Copy out each line of the data that holds the word "with".

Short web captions
-=-=-

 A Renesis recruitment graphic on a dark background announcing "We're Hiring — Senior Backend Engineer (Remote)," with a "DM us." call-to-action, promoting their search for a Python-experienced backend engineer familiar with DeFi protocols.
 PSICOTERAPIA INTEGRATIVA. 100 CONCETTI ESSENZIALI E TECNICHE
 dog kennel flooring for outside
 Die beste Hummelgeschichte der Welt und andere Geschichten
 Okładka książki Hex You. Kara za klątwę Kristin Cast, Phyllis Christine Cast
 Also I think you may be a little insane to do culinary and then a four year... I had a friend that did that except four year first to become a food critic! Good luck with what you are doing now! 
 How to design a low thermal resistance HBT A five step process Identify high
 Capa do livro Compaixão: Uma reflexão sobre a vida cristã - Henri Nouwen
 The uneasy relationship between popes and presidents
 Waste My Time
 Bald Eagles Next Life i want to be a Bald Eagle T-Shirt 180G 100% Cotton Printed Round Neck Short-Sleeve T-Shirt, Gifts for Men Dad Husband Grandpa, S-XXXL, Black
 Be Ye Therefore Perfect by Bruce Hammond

-=-=-

Written response:
 A Renesis recruitment graphic on a dark background announcing "We're Hiring — Senior Backend Engineer (Remote)," with a "DM us." call-to-action, promoting their search for a Python-experienced backend engineer familiar with DeFi protocols.
 Also I think you may be a little insane to do culinary and then a four year... I had a friend that did that except four year first to become a food critic! Good luck with what you are doing now! 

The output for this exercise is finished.